* Prompt
The expected output is an exact copy of the lines from the one containing "Foto Unterseeboot U-Boot" to the final line below, minus any pictures.

[Input data]

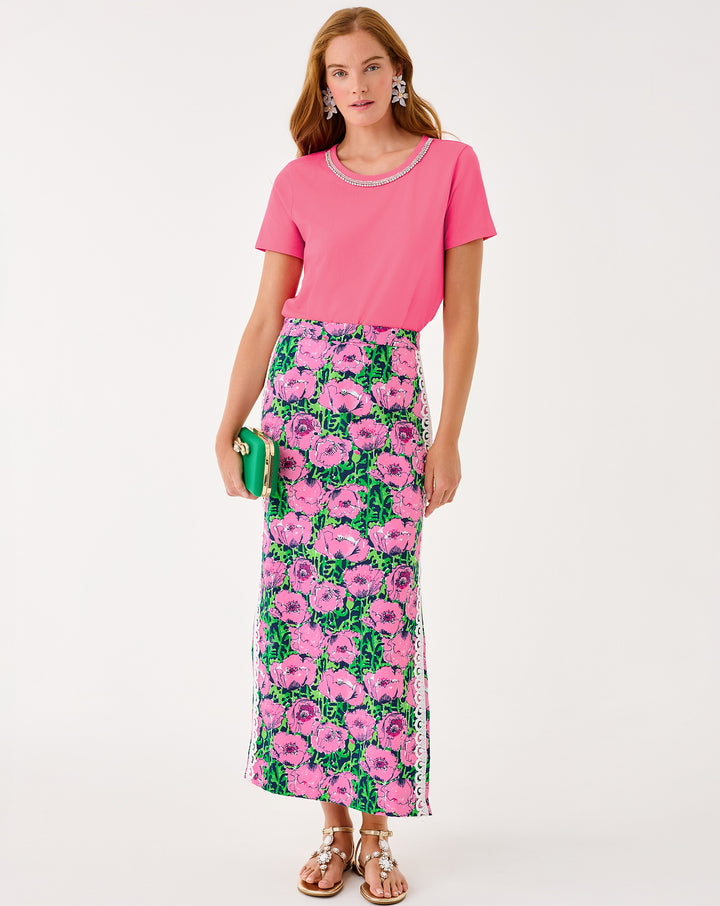 Sanders Maxi Skirt - Low Tide Navy Florrie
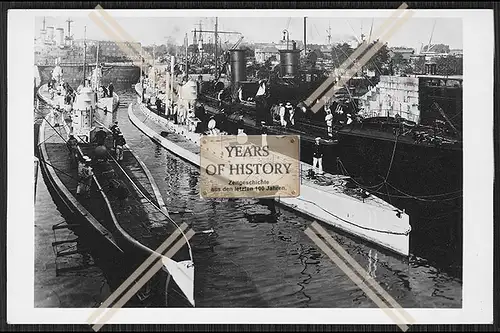 Foto Unterseeboot U-Boot U 11 u. U ? Kaiserliche Werft Danzig Marine 1911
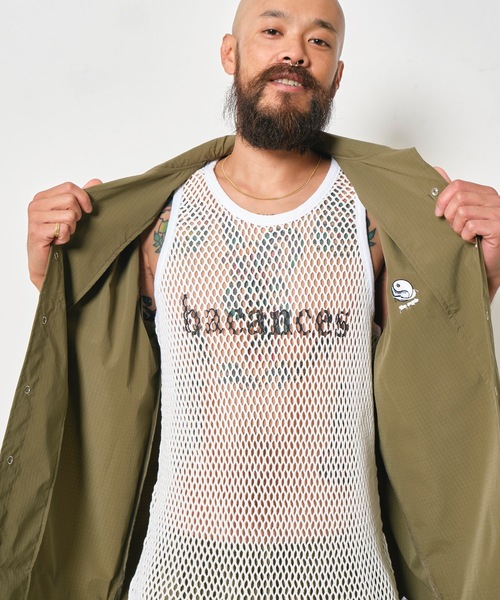 BACANCES ALL INCLUSIVE（バカンサスオールインクルーシブ）の「BC MESH MARINA TANKTOP SMALL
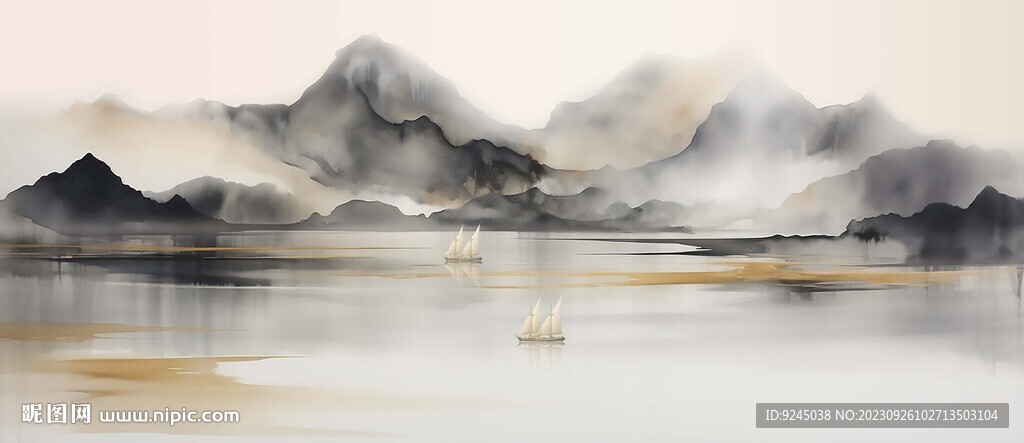 中国风景山水装饰画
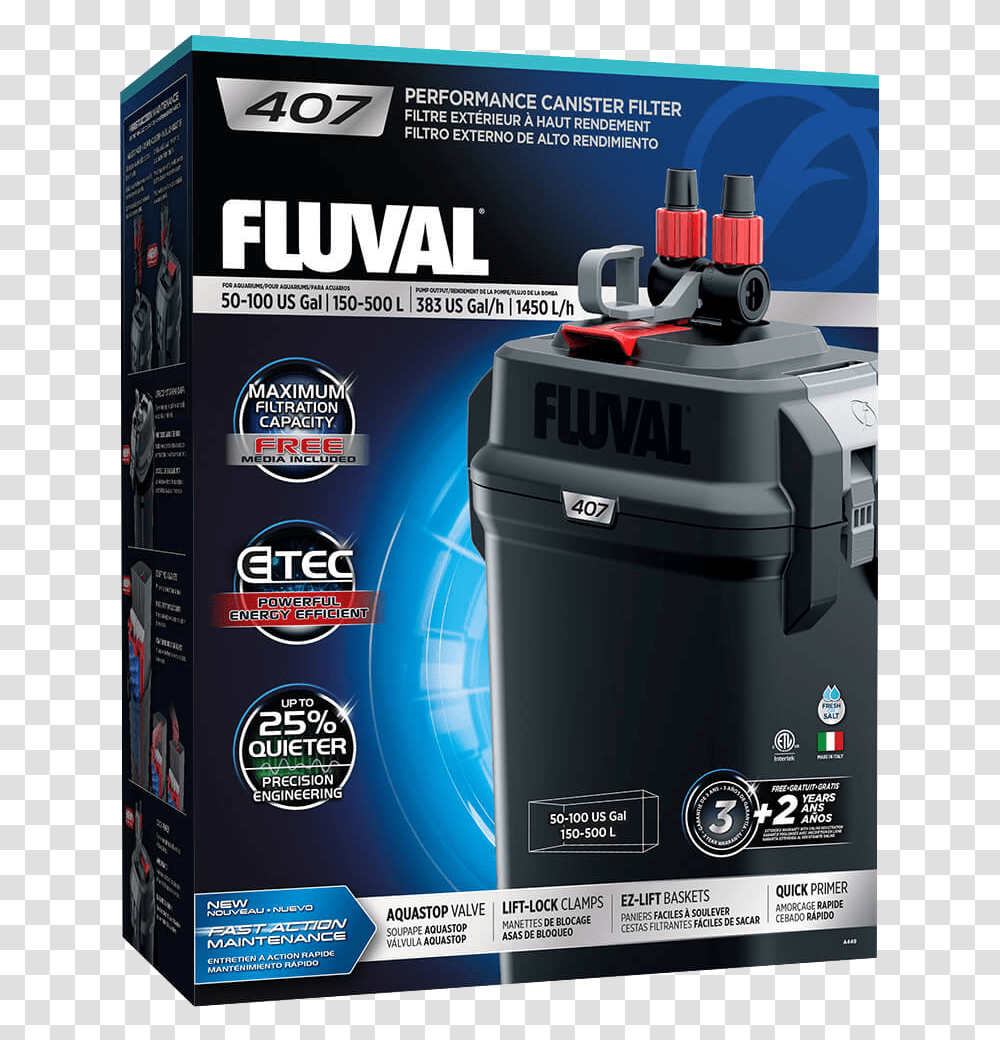 Fluval 307 External Filter, Machine, Poster, Advertisement Transparent Png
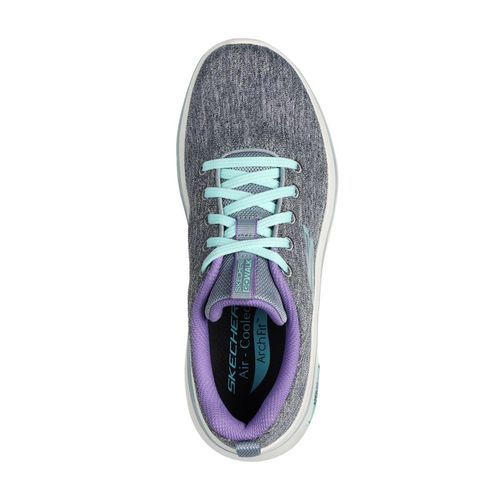 Buy SKECHERS Women Go Walk Arch Fit Vivid Grey Lavender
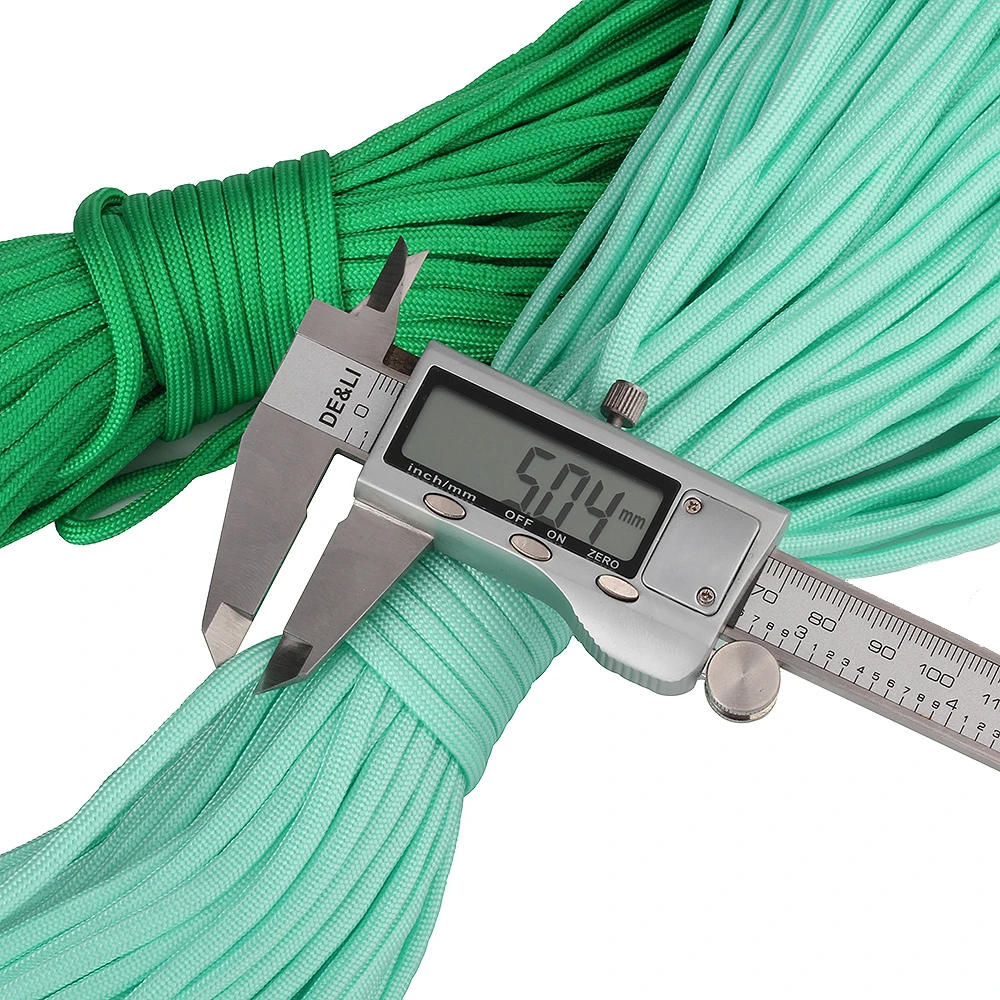 Паракорд 10 рулонов 550 парашютный шнур веревка для палатки 7 нитей футов/рулон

[/Input data]

* Answer for this exercise
 Foto Unterseeboot U-Boot U 11 u. U ? Kaiserliche Werft Danzig Marine 1911
 BACANCES ALL INCLUSIVE（バカンサスオールインクルーシブ）の「BC MESH MARINA TANKTOP SMALL
 中国风景山水装饰画
 Fluval 307 External Filter, Machine, Poster, Advertisement Transparent Png
 Buy SKECHERS Women Go Walk Arch Fit Vivid Grey Lavender
 Паракорд 10 рулонов 550 парашютный шнур веревка для палатки 7 нитей футов/рулон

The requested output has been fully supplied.